There are several other types of diabetes too, slow onset type 1, gestational diabetes, though I assume the OP is not pregnant, pancreatic diabetes, which is due to pancreatitis and monogenic diabetes which would be evident from a family history of the disease. But, the OP has been diagnosed with type 2 so his main problem is getting the blood glucose down. It should normally be withing a range 4.0 to 6.0 and although it does go up after a meal, or exercise, it should have fallen to below 7.8 after 2 hours. Most cases are struggling with levels in the 10.0 - 20.0 range. Diet and exercise does work but most people don't keep up with the exercise or don't change the types of food they eat. Many take the meds and expect it to do all the work for them.

Lamb and pearl barley stew, a tasty, filling and healthy meal for a type 2 diabetic:






http://www.theguardian.com/lifeandstyle/2011/mar/14/lamb-stew-pearl-barley-recipe


----------



## ayceejay (17 Jan 2016)

and with that I shall bow out


----------



## Yorksman (18 Jan 2016)

ayceejay said:


> and with that I shall bow out



It all depends of course if the doctor has got the diagnosis right. As you correctly point out, there are several causes of diabetes and of course, everyone has a slightly different metabolism and reacts differently to different foods. Doctors in the UK are often too quick to diagnose and prescribe.

Performance athletes who are nearly always type 1 have to be very precise in their medication. Steve Redgrave who has 5 consecutive olympic gold medals for rowing is diabetic. However he was diagnosed with 'adult onset' type 2 at the age of 35, 3 years before his last gold medal in Sydney 2000. The standard National Health advice of diet and exercise wasn't going to help him.


----------



## Firestorm (18 Jan 2016)

Yorksman said:


> That should be Low GI. Foods with a lower glycaemic index take longer to digest. Pure glucose has a GI of 100, other foods have GI values relative to it. Low GI is anything below 55.
> 
> http://www.the-gi-diet.org/lowgifoods/


Thanks, I got a bit muddled there....


----------



## Yorksman (18 Jan 2016)

Firestorm said:


> Thanks, I got a bit muddled there....



It's shocking that table sugar has a slightly lower GI than white bread. So much for the sliced white loaf!


----------



## Firestorm (18 Jan 2016)

The all carbs thing is not that well known amongst a lot of Type 2s
A bloke at work has had it for years and it was the thing which sent his dad to an early grave, yet he insists that its only sweet stuff he needs to cut out. I still haven't convinced him that all carbohydrates are technically known as sugars.


----------



## mjr (18 Jan 2016)

Yorksman said:


> It's shocking that table sugar has a slightly lower GI than white bread. So much for the sliced white loaf!

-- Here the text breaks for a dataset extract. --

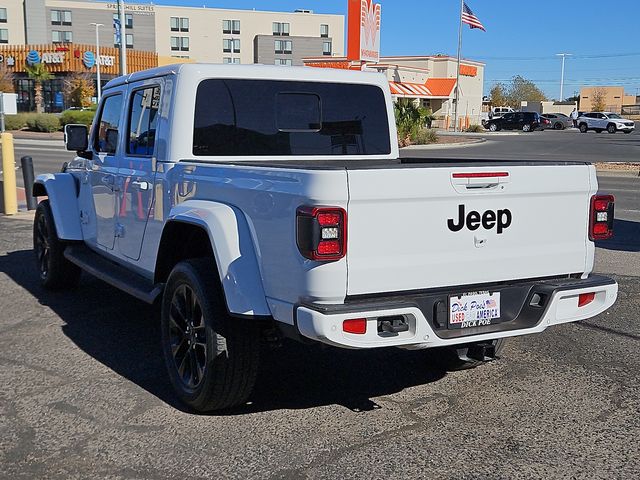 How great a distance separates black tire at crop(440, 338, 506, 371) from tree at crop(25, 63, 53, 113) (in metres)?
75.8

Calling that white factory sponge "bread" shouldn't be allowed...


----------



## ayceejay (18 Jan 2016)

Fossy can you explain this as it doesn't seem right to me

_My son is type 1, so he can eat anything, but has to take insulin_


----------



## gbs (18 Jan 2016)

Firestorm said:


> I too have been recently diagnosed as type 2.
> 
> That said, exercise, obviously, uses blood sugar so the effect may not be as bad.
> my suggestion would be to take a Blood sugar level before you go out, eat what you normal eat on the ride and then after you have been home a short while, before you eat anymore do another test. If the second reading is higher than the first then you are retaining more sugar than you are using and need to adjust.



You seem to be suggesting self testing. Seems v logical but how?


----------



## fossyant (18 Jan 2016)

Lower GI stuff can have extra problems for Type 1's - especially if you inject, so it's all trial and error. With low GI food it takes longer to absorb, so allowing for the same insulin will cause a hypo, but if you lower the insulin, your bloods will go up. Add in the complication of fat (e.g. burgers) then that also slows the absorption down.

Type two can be better managed by adjusting carb intake, but you'll need to learn how your blood sugars are affected.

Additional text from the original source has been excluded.